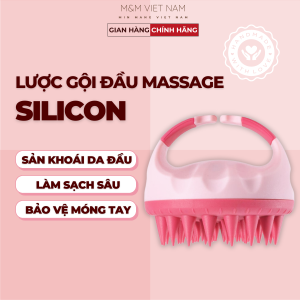 Lược Gội Đầu Silicon Dùng Để Massage Đầu Chải Đầu Giảm Gàu Bết Tóc Gãy Rụng Bảo Vệ Da Đầu Và Móng Tay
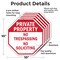 Signmission Private Property No Trespassing No, 10 inch X 10 inch, Aluminum Metal Signs, 5PK OC-A-5Pack-10-140 - alternate 3
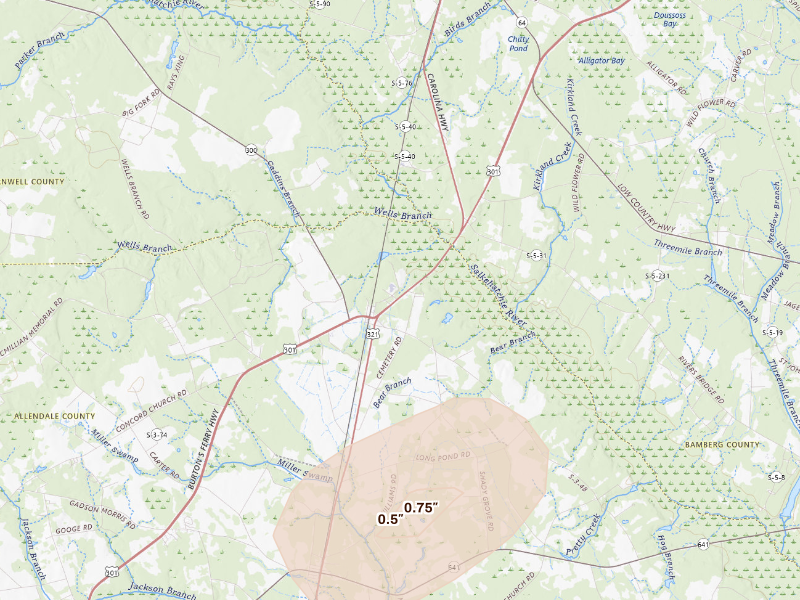 Radar-estimated hail-size map of the storm over Ulmer, SC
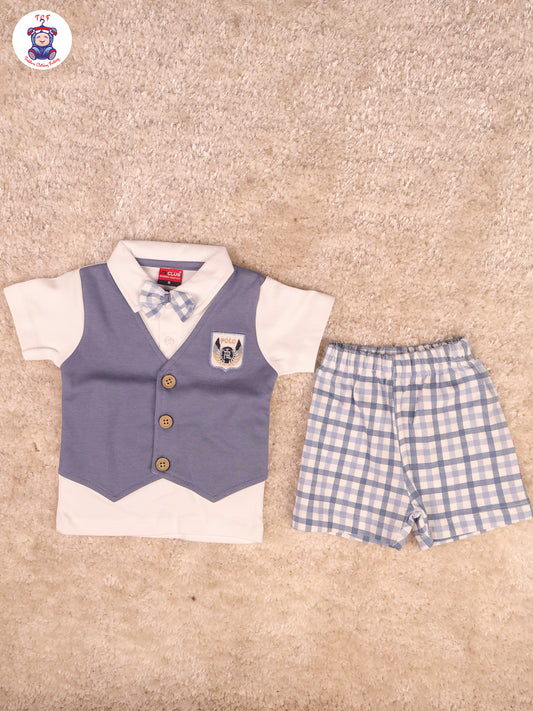 Grey - Collor T-Shirts & Shorts With Jacket & Bow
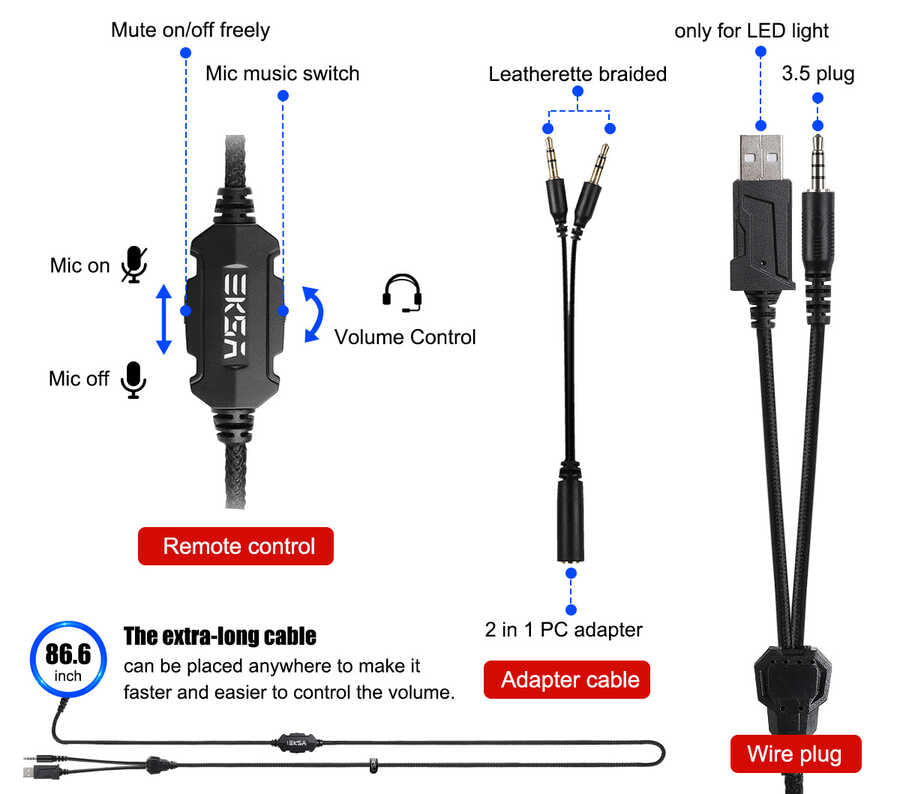 Eksa E3000 3.5mm Headphones Black 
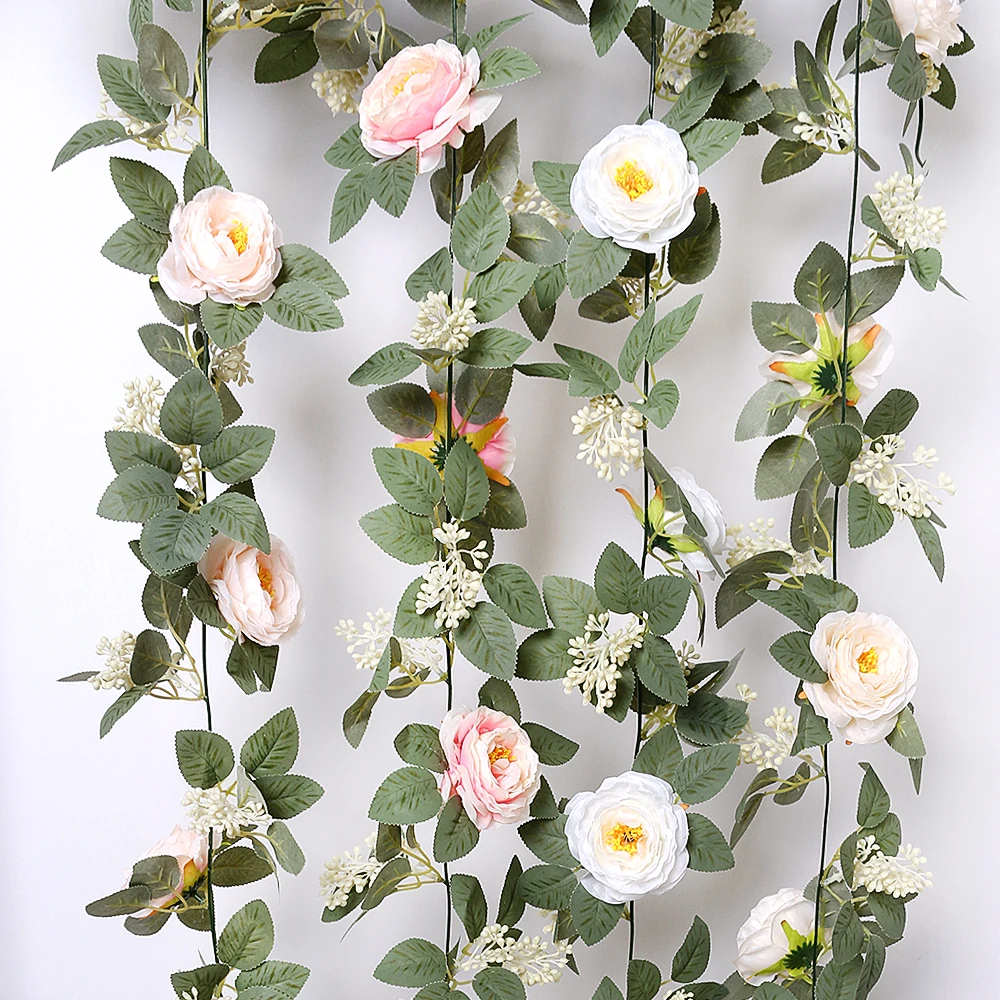 

190cm Rose Artificial Flowers Garland Fake Flowers Vine for Home Room Decor Garden Wedding Arch Outdoor Decoration Flowers Wall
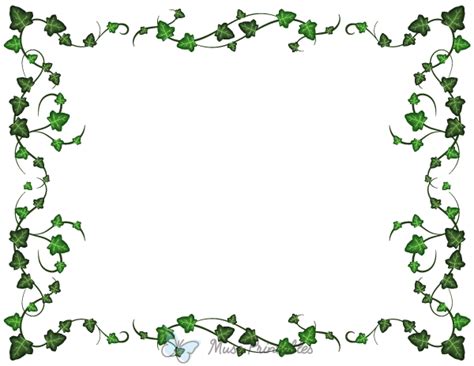 Printable Landscape Ivy Page Border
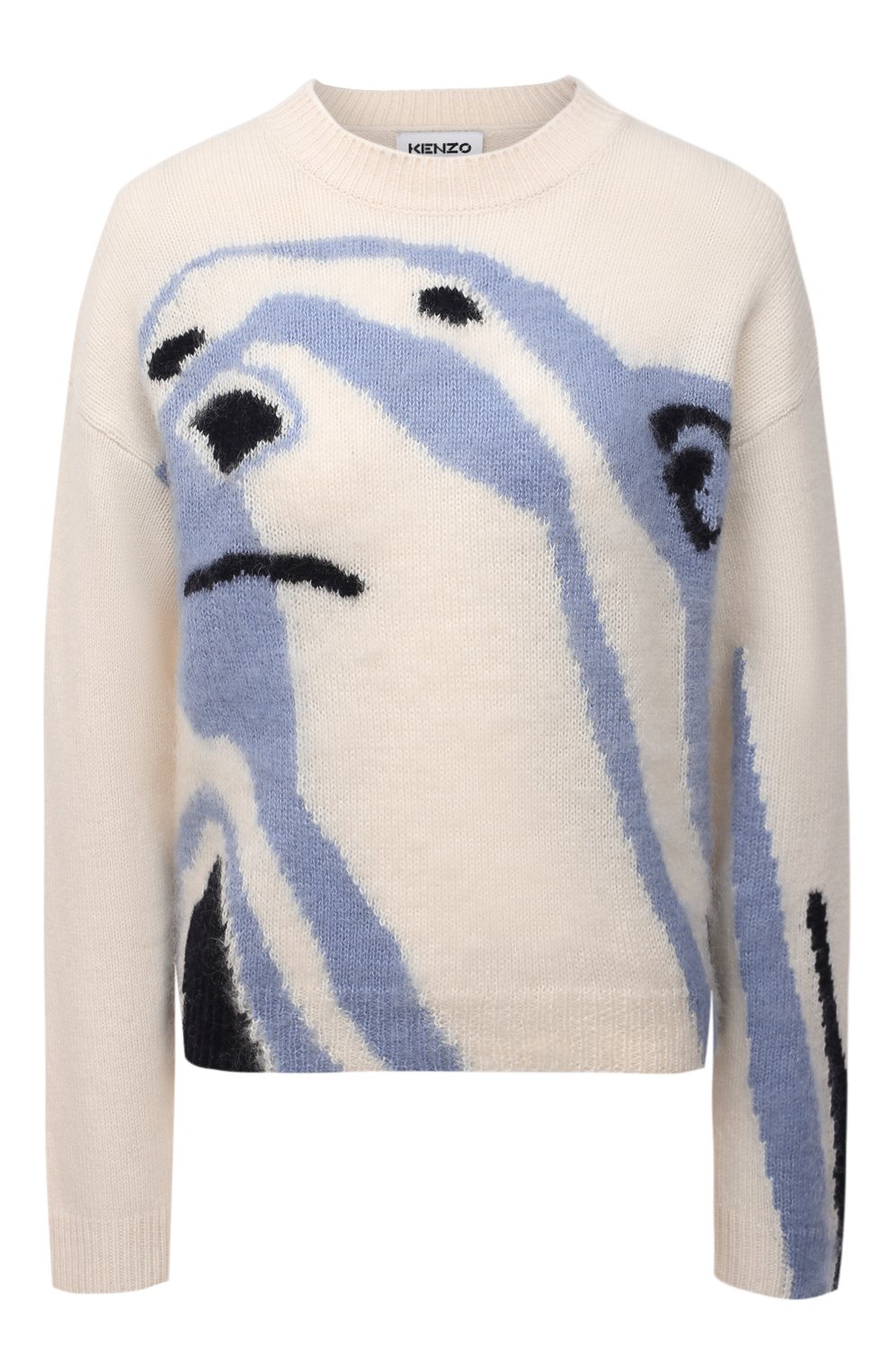 Шерстяной пуловер polar bear KENZO кремового цвета по цене 39700 руб., арт. FB62PU6453SF, фото 1 Шерстяной пуловер polar bear KENZO, арт. FB62PU6453SF, фото 1
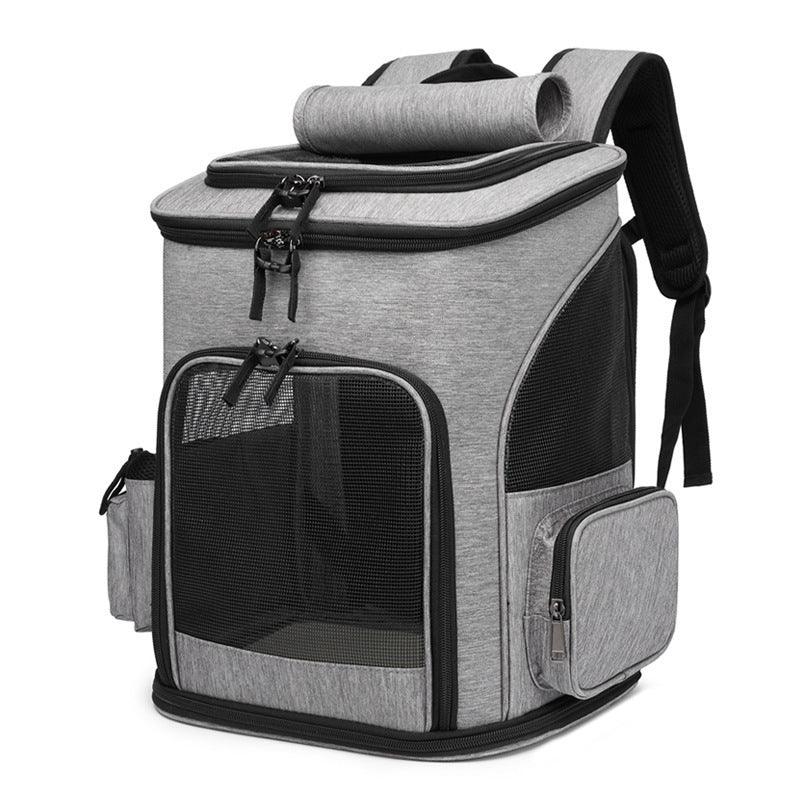 Extendable Travel Pet Bag - Portable Pet Carrier for Dogs & Cats - Grey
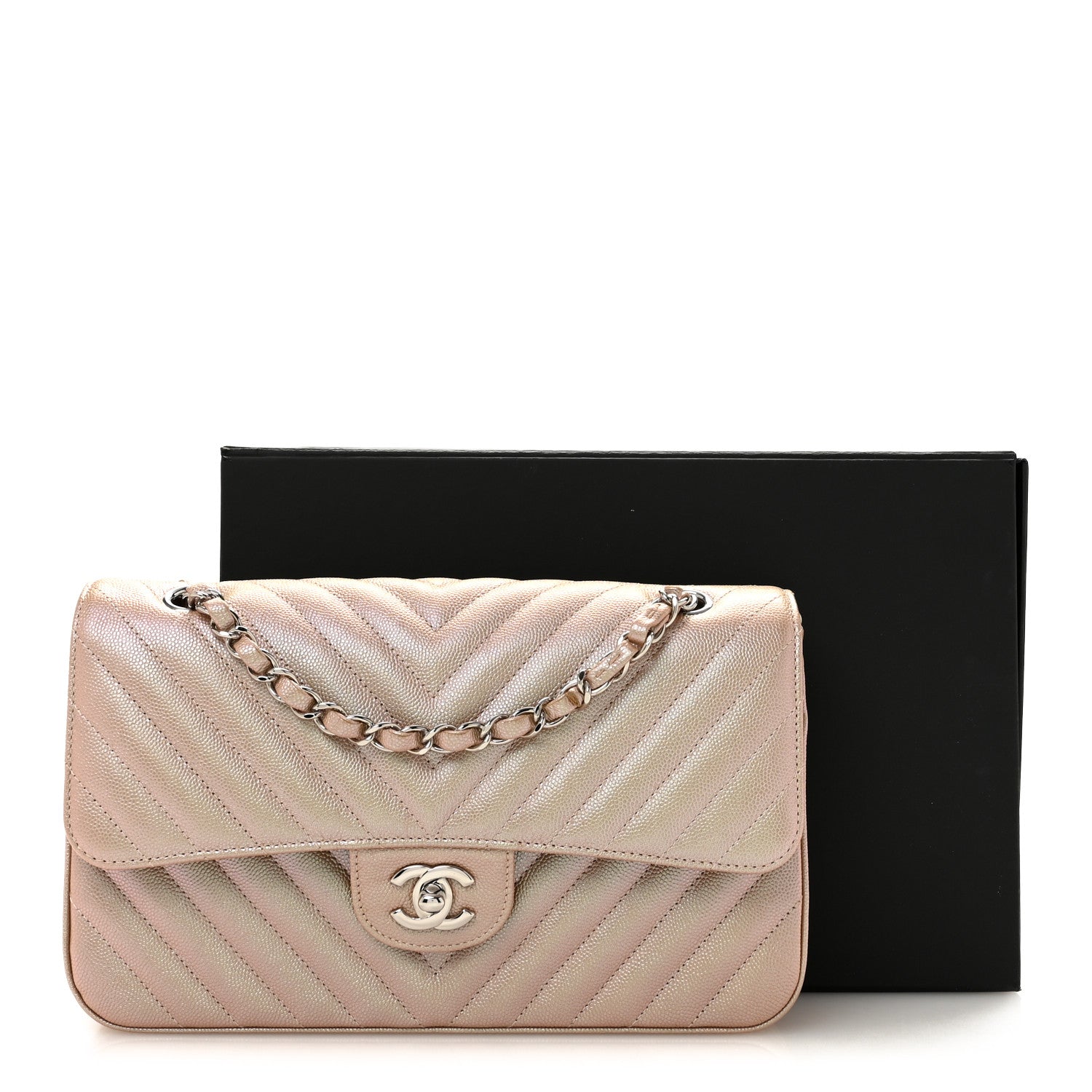 Metallic Caviar Chevron Quilted Medium Double Flap Light Gold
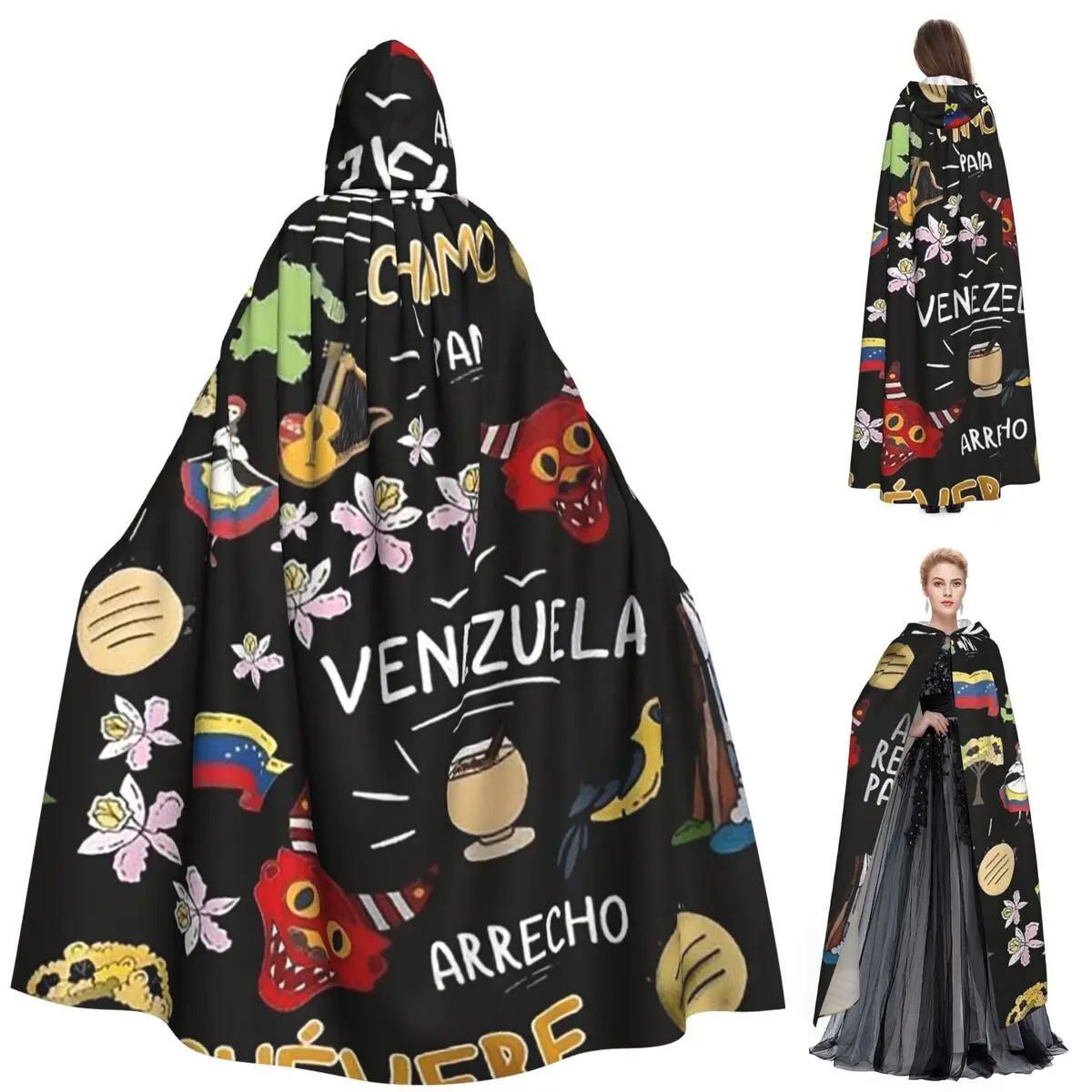 

Длинный плащ с капюшоном Arepas Венесуэлы, средневековый костюм ведьмы, накидка для косплея, пальто на Хэллоуин для взрослых, унисекс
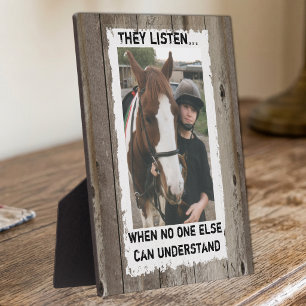 Mein Pferd versteht mich rustikales Foto Fotoplatte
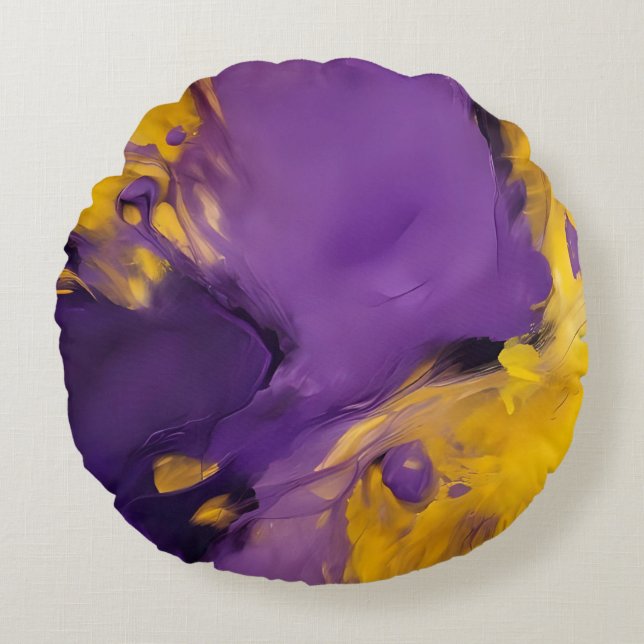 Purple and Gold Abstract Round Cushion (Front)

········

Work instructions
Without the pictures, retype all of the data above exactly.

Output of the task
 Lược Gội Đầu Silicon Dùng Để Massage Đầu Chải Đầu Giảm Gàu Bết Tóc Gãy Rụng Bảo Vệ Da Đầu Và Móng Tay
 Signmission Private Property No Trespassing No, 10 inch X 10 inch, Aluminum Metal Signs, 5PK OC-A-5Pack-10-140 - alternate 3
 Radar-estimated hail-size map of the storm over Ulmer, SC
 Grey - Collor T-Shirts & Shorts With Jacket & Bow
 Eksa E3000 3.5mm Headphones Black 

190cm Rose Artificial Flowers Garland Fake Flowers Vine for Home Room Decor Garden Wedding Arch Outdoor Decoration Flowers Wall
 Printable Landscape Ivy Page Border
 Шерстяной пуловер polar bear KENZO кремового цвета по цене 39700 руб., арт. FB62PU6453SF, фото 1 Шерстяной пуловер polar bear KENZO, арт. FB62PU6453SF, фото 1
 Extendable Travel Pet Bag - Portable Pet Carrier for Dogs & Cats - Grey
 Metallic Caviar Chevron Quilted Medium Double Flap Light Gold

Длинный плащ с капюшоном Arepas Венесуэлы, средневековый костюм ведьмы, накидка для косплея, пальто на Хэллоуин для взрослых, унисекс
 Mein Pferd versteht mich rustikales Foto Fotoplatte
 Purple and Gold Abstract Round Cushion (Front)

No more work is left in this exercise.